After the Army released their directive, Klobuchar joined with Representative John Kline in June to lead Minnesota’s Congressional Delegation in calling on the U.S. Army to ensure that the Minnesota National Guard can fully assist victims of sexual assault regardless of when the assault occurred. In a letter to Secretary of the Army John McHugh, Minnesota’s congressional delegation raised concerns that the lack of clarity around the new directive could undermine the Minnesota National Guard’s ability to effectively provide support services to survivors of sexual assaults.
Klobuchar has been a leader in the fight against sexual assault in the military. In May, Klobuchar pressed the Department of Defense to implement reforms to help fight sexual assault in the military. The 2014 National Defense Authorization Act included Klobuchar-authored provisions to help crack down on sexual assault in the military, including measures to require the automatic retention of sexual assault records, strengthen whistleblower protections, and help stop repeat offenders.
Last year, Senator Ayotte and Senator Patty Murray (D-WA) included a provision in the National Defense Authorization Act (NDAA) that would provide victims of sexual assault in all military branches with a Special Victims' Counsel (SVC), a trained military lawyer to assist the victim throughout the legal process. The bill also included provisions authored by Senators Ayotte and Murray that enhance responsibilities for the Pentagon's Sexual Assault Prevention and Response Office and provide Sexual Assault Response Coordinators to members of the National Guard and Reserve.
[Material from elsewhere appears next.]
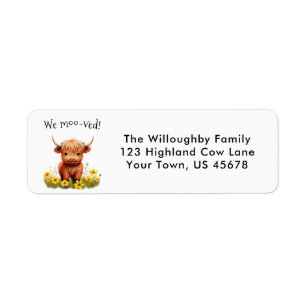 Adorable Highland Cow New Address Label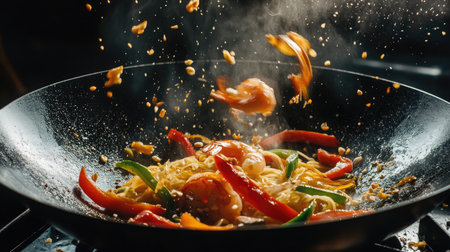 A freeze-motion shot of a wok pan tossing noodles, shrimp, and bell peppers, with dramatic lighting emphasizing the motionの素材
Senator Ayotte, a former prosecutor who serves on the Armed Services Committee, has worked across party lines to strengthen and augment historic legislation she worked on that became law last year that puts in place a framework to better protect and empower victims of sexual assault, boost prosecutions of sexual predators, and hold military commanders accountable. Additionally, earlier this year, the Senate passed bipartisan legislation authored by Ayotte and Senator McCaskill (D-MO) to bolster the important reforms passed last year and strengthen support for victims.